* **Collected data**
=-=-=-=-=

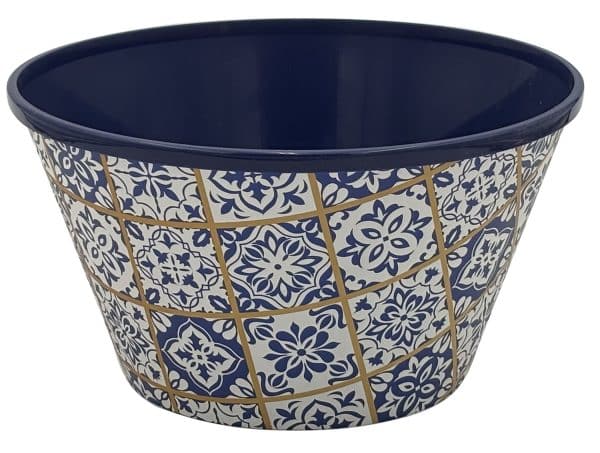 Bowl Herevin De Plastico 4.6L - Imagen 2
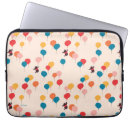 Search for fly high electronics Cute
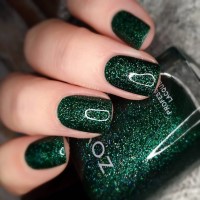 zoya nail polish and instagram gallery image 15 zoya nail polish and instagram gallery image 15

=-=-=-=-=

* **Task details**
Recreate the listing above word for word, dropping each picture it contains.

* **Task solution**
 Bowl Herevin De Plastico 4.6L - Imagen 2
 Search for fly high electronics Cute
 zoya nail polish and instagram gallery image 15 zoya nail polish and instagram gallery image 15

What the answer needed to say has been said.